"I knew it the minute I learned Goodwin had been there and gone off to chase a cat. It had already begun to look like a first-class headache, and when I heard about Goodwin that clinched it. So you've got a client! And sure enough, by God, it has to be your client that was in that room fencing with him! It would be!" He rescued the cigar from his teeth with his left hand and hit the desk with his right fist, simultaneously. "Understand this, Wolfe! I came here in a mood of co-operation, in spite of Goodwin's tricky getaway! And what am I getting? Now you try to tell me that in the space of ten seconds, just like that, your man accepted a murder case for you! Nuts!" He hit the desk again. "I know what your abilities are-no one knows that better than I do! And like a fool I come here expecting a little disinterested discussion and you tell me you've got a client! Why have you always got to have a goddam client? Naturally from now on I can't believe a single solitary thing-"
My waving paw finally stopped his bellowing; the phone had rung and I couldn't hear. It was a request for him. With a grunt he got up and came to my desk for it, and I made way for him. For several minutes his part of it was mostly listening, and then apparently he was told something disagreeable, judging from the way he violated the law against the use of profanity on the telephone. He gave some instructions, banged the thing into its cradle, and said in a quiet but very sarcastic voice, "That's nice, now."

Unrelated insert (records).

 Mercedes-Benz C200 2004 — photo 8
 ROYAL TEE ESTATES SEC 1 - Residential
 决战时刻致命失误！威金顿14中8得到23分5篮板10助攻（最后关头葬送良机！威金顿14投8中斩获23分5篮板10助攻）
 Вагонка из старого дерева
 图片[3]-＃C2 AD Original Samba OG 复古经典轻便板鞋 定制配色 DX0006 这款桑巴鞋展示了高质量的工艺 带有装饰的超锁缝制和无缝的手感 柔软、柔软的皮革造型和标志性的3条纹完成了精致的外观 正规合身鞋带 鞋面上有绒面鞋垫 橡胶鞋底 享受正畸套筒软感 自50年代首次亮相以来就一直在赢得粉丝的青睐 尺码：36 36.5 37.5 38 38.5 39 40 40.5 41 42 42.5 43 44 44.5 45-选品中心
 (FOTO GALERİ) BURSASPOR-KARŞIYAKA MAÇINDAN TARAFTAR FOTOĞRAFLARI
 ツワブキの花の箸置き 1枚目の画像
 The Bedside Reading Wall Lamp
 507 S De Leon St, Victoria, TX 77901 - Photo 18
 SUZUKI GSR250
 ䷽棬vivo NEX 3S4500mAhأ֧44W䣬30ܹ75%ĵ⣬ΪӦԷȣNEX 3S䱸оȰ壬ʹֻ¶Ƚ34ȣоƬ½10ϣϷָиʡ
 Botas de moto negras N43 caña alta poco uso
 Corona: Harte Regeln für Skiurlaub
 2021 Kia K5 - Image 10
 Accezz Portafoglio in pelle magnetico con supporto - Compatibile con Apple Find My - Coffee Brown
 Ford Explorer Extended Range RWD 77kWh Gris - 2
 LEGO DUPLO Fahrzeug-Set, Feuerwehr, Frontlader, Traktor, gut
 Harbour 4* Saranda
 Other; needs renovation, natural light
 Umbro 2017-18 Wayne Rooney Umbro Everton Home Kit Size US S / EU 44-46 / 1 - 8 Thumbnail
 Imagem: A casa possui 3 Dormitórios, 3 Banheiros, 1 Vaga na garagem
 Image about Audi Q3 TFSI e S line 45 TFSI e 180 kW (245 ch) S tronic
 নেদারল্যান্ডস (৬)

He went back to his chair and sat there a minute chewing his lip. "That's just fine," he said. "The case is as good as solved. I won't have to go to any bother about it."
"Indeed," Wolfe murmured.
"Yes indeed. Three Federals have blown in up there. Anybody might suppose that a murder in Manhattan is the business of the homicide squad of which I happen to be the head, but who am I compared with a G-man? If we throw them out on their tail, the commissioner will say tut-tut, we've got to co-operate. It has two pleasant aspects. First, it means an entirely new angle we haven't even suspected, and that's a cheerful idea. Second, whoever solves it and however and whenever, the G-men will grab the credit. They always do."
"Now, Inspector," I remonstrated. "A G-man is the representative of the American people, in fact it would hardly be going too far to say that a G-man is America-"
"Shut up. I wish you'd get an F.B.I. job yourself and they'd send you to Alaska. I can pull you in, you know."